_Activity_
Go to the line that contains "VINTAGE AKOYA PEARL BRACELET 9ct GOLD" in the records below and repeat it, and each line after it, exactly through the end, omitting pictures.

Captioned web images
[Start of section]

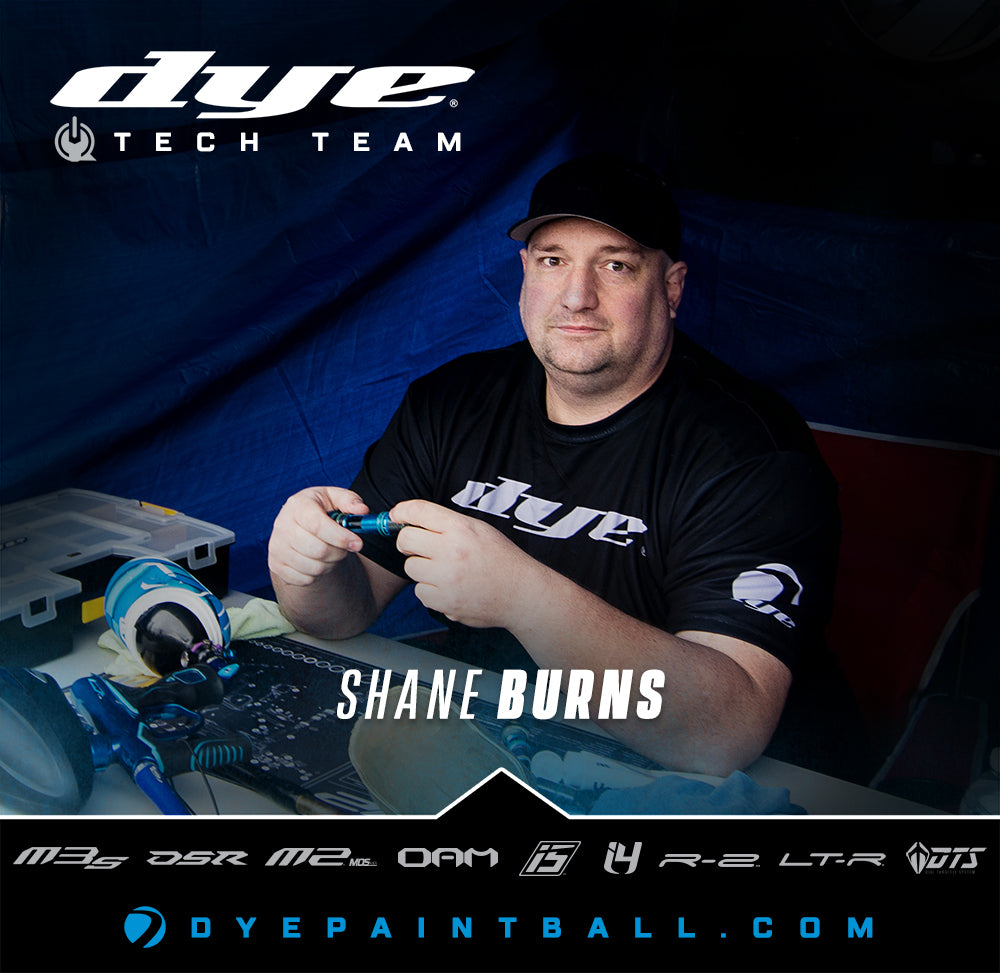 SHANE BURNS JOINS DYE TECH TEAM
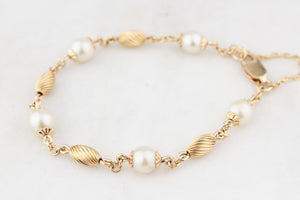 VINTAGE AKOYA PEARL BRACELET 9ct GOLD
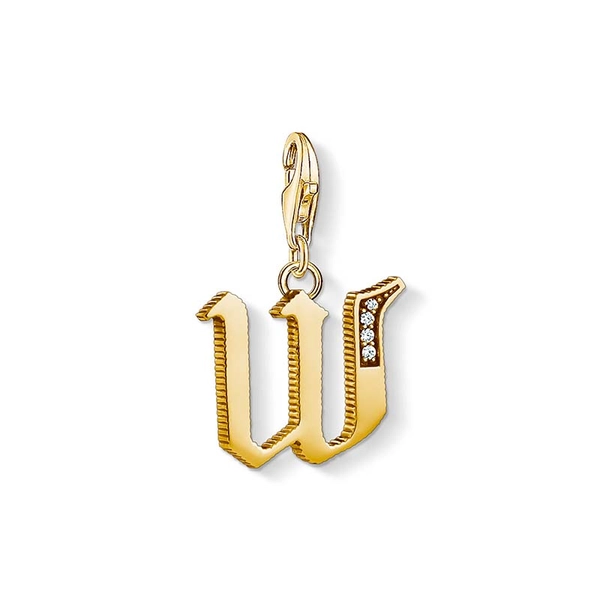Berlock Bokstav W Guld Thomas Sabo - Thomas Sabo berlock - Snabb frakt & paketinslagning - Nordicspectra.se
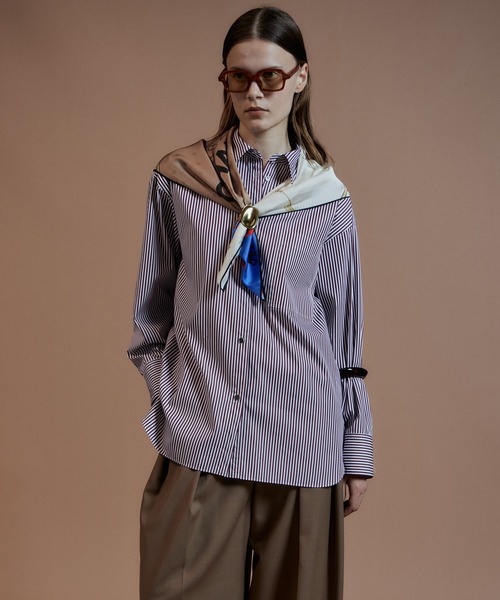 MAISON SPECIAL(メゾンスペシャル)の「Ordinary Shirt/オーディナリーシャツ(シャツ/ブラウス・レディース・ホワイト/グリーン/ブルー/ブラウン・FREE)」の2枚目の写真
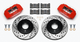 Wilwood Dpha Front Caliper & Rotor Kit Drill Red Honda / Acura w/ 262mm OE Rotor - Mammoth Racing -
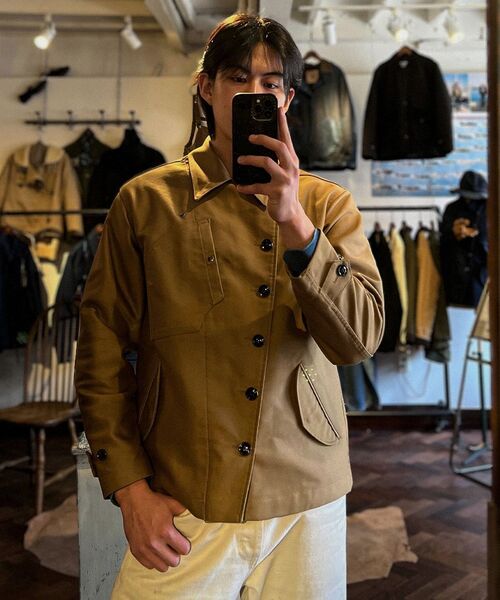VDR（ブイディアール）の「MOLESKIN DESPATCH RIDERS JACKET [Sand]（ミリタリージャケット・メンズ・その他・M/L/XL）」の4枚目の写真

[End of section]

_Exercise output_
 VINTAGE AKOYA PEARL BRACELET 9ct GOLD
Berlock Bokstav W Guld Thomas Sabo - Thomas Sabo berlock - Snabb frakt & paketinslagning - Nordicspectra.se
 MAISON SPECIAL(メゾンスペシャル)の「Ordinary Shirt/オーディナリーシャツ(シャツ/ブラウス・レディース・ホワイト/グリーン/ブルー/ブラウン・FREE)」の2枚目の写真
 Wilwood Dpha Front Caliper & Rotor Kit Drill Red Honda / Acura w/ 262mm OE Rotor - Mammoth Racing -
VDR（ブイディアール）の「MOLESKIN DESPATCH RIDERS JACKET [Sand]（ミリタリージャケット・メンズ・その他・M/L/XL）」の4枚目の写真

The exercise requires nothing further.